Son timbre sombre aux couleurs parfois rompues convient parfaitement à la description d’un personnage dépressif, en conduisant une ligne de chant qui épouse avec délicatesse les lignes orchestrales. Ses aigus ne sont jamais dépareillés, la précision du texte soignée, et seule la confrontation avec le Roi, lors de l’autodafé, sera moins incisive, signe que quelques jours de rétablissement sont encore nécessaires. Mais il est impossible de rester insensible à une telle incarnation authentique qui ne faiblira pas de toute la soirée.

Marina Rebeka (Élisabeth de Valois)

Marina Rebeka (Élisabeth de Valois)

Seule parmi les rôles principaux à faire ses débuts sur la grande scène Bastille, Marina Rebeka est une très belle femme qui a de l’allure et qui donne beaucoup de dignité à Élisabeth de Valois.
Sa force est dans le dessin virtuose de son souffle de voix, puissant et cristallin dans la tessiture aiguë, qui sera d’une grande force impressive au cinquième acte. Elle détient en effet une saisissante faculté de rayonnement, avec toutefois des graves peu marqués, ce qui crée aussi une certaine distance en contraste avec la noirceur de Carlos. 

Ekaterina Gubanova

Ekaterina Gubanova

Présente dès la création en alternance avec Elīna Garanča, Ekaterina Gubanova connaît très bien cette mise en scène et se révèle très à l’aise dans tous les tableaux avec une assurance crâneuse. La chanson du voile du second acte est une séduisante démonstration de sensualité vocale dans les résonances graves, bien que sa voix soit moins prédisposée à l’agilité des aigus de ce grand air, mais c’est surtout dans les emportements dramatiques qu’elle est à son meilleur aussi bien dans la scène de reconnaissance avec Don Carlos au troisième acte que dans le ‘Don fatale’ chanté avec un vrai sens incendiaire.

Marina Rebeka (Élisabeth de Valois) et Christian Van Horn (Philippe II)

Marina Rebeka (Élisabeth de Valois) et Christian Van Horn (Philippe II)

En grand habitué de l’Opéra de Paris, Christian Van Horn n’a aucun mal à imposer un Philippe II avec une diction tout à fait correcte et une largeur vocale qui s’appuie sur une assise grave bien développée. La texture de son timbre grisaillant et monochrome contient peu d’inflexions distinctives en soi, mais ce grand baryton-basse américain a comme grand atout de savoir incarner un homme d’aujourd’hui avec ses forces et faiblesses tout en conservant quelque chose de sympathique.
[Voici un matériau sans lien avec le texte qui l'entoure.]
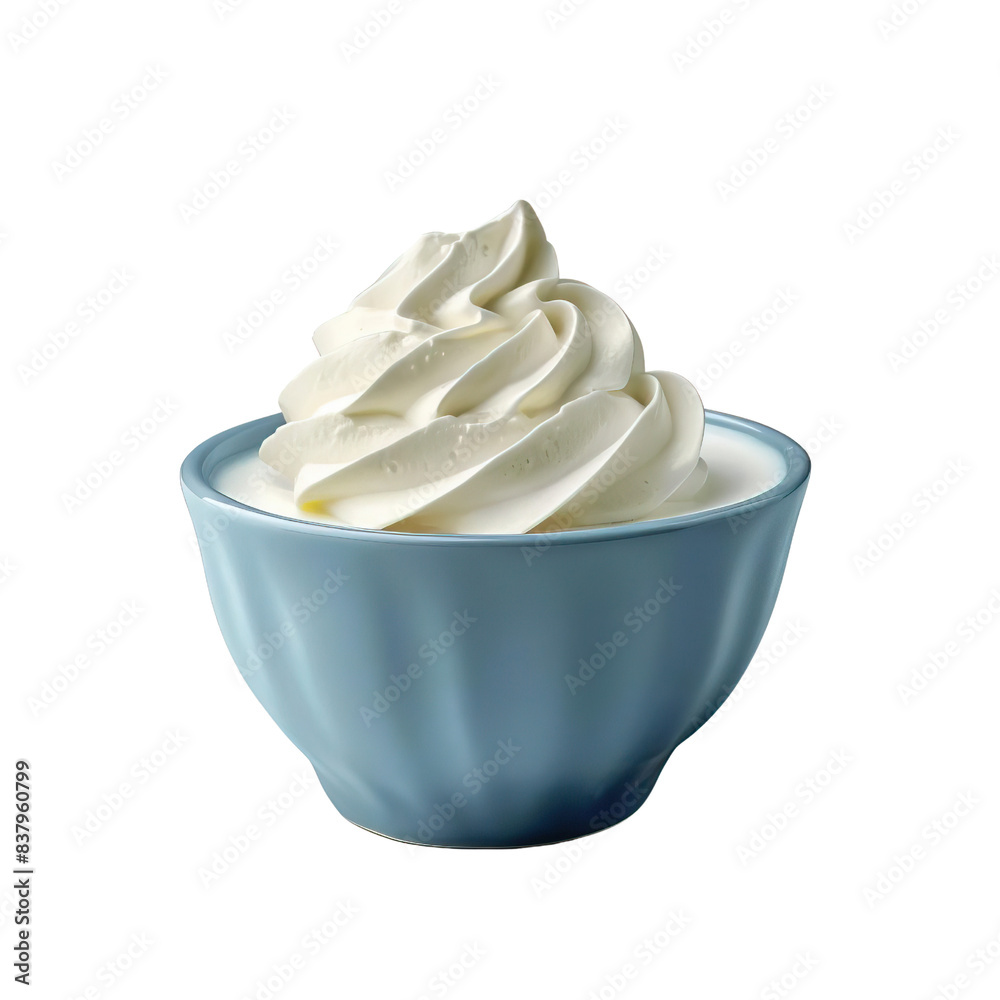 Fresh greek yogurt in a blue bowl isolated on white background Fresh greek yogurt in a blue bowl isolated on white background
C’est d’ailleurs pourquoi ses déraillements comportementaux face à Élisabeth, lors des scènes de l’autodafé et du salon, sont rendus avec beaucoup d’humanité.

Cela laisse le champ à Alexander Tsymbalyuk pour brosser le portrait d’un Grand Inquisiteur bien plus terrible, et qui fait beaucoup d’effet quand il appuie sur un beau galbe grave qui contraste avec la terreur qu’évoque son personnage.
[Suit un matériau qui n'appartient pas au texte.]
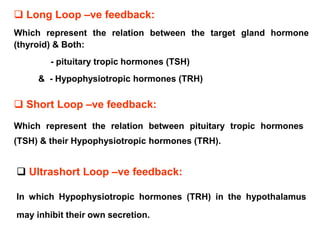  Long Loop –ve feedback:
Which represent the relation between the target gland hormone
(thyroid) & Both:
- pituitary tropic hormones (TSH)
& - Hypophysiotropic hormones (TRH)
 Short Loop –ve feedback:
Which represent the relation between pituitary tropic hormones
(TSH) & their Hypophysiotropic hormones (TRH).
 Ultrashort Loop –ve feedback:
In which Hypophysiotropic hormones (TRH) in the hypothalamus
may inhibit their own secretion.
Le moine de Sava Vemić fait, lui aussi, forte impression, malgré quelques tensions dans l'aigu.

Andrzej Filończyk (Rodrigue)

Andrzej Filończyk (Rodrigue)

Et c’est un jeune et beau Rodrigue qu’incarne Andrzej Filończyk, tout juste trentenaire, qui fait montre d’un timbre fumé bien homogène qui s’harmonise le mieux avec celui de Philippe II. Si l’on s’attache à son langage corporel, son positionnement dans le jeu de la cour paraît instable, plutôt séducteur avec Eboli, amical mais sans être fraternel avec Carlos, moins mature que le Roi, il manque encore une profonde droiture, une autorité bien posée qui traduise une grande stabilité intérieure qui puisse se lire dans ses postures. C’est cependant dans la scène de sa mort à la prison de Carlos que s’épanouissent pleinement ses qualités de souffle donnant l’impression que c’est cet instant qui révèle toute la grandeur du patriote flamand

Marina Rebeka (Élisabeth de Valois) et Manase Latu (Le Comte de Lerme)
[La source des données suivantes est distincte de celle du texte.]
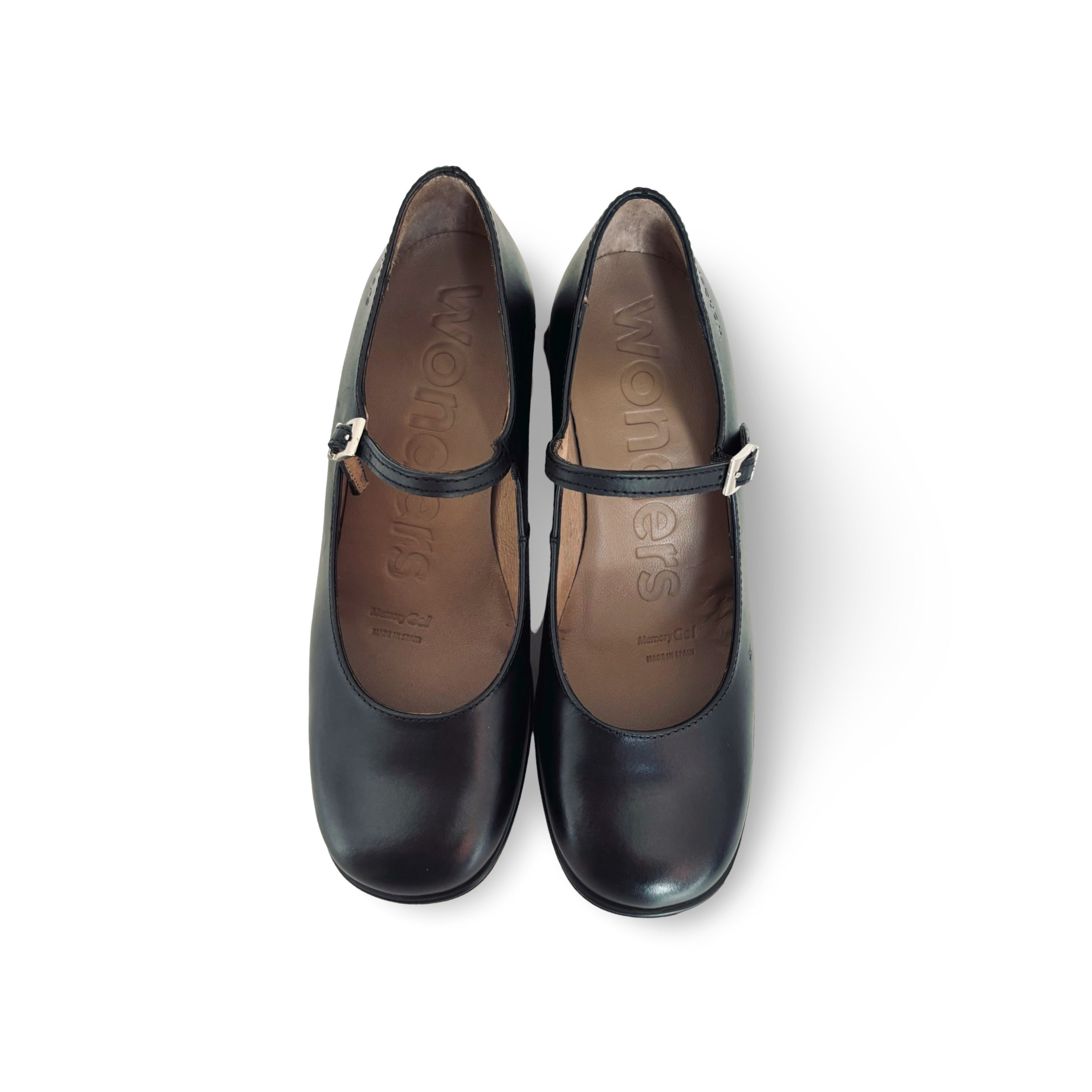 H5711 Black Leather Mary Jane Pumps for Women - Classic Comfortable Low Heel Dress Shoes for Work, Party & Wedding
Marina Rebeka (Élisabeth de Valois) et Manase Latu (Le Comte de Lerme)

Et parmi les seconds rôles se distinguent deux membres de la troupe lyrique de l’Opéra, Marine Chagnon qui donne une fraîcheur très naturelle à Thibault, et Manase Latu dont les qualités belcantistes et la chaleur crème de son doux timbre de voix dépeignent un bien luxueux Comte de Lerme.

Simone Young

Simone Young

C’est enfin avec grand plaisir que l’on retrouve à la direction orchestrale Simone Young qui rend énormément justice à l’âme de l’écriture verdienne et à sa traduction de la prosodie française. Les archets sont entraînés dans des tissures d’une grande souplesse alliés à des bois soyeux et poétiques, émanation d’une douceur qui sied bien au phrasé des chanteurs, tout en insufflant une vigueur de discours qui ait de l’allant. On sent toujours une certaine propension à contrôler les cuivres clairs, mais les cuivres plus sombres et chaleureux sont généreusement fondus aux cordes pour créer un son chargé et plein. La chef australienne n’hésite d’ailleurs pas à libérer beaucoup d’ampleur dans les scènes spectaculaires, et les chœurs lui donnent la réplique avec vigueur et panache tout en sachant aussi se montrer diaphanes dans l’acte de Fontainebleau.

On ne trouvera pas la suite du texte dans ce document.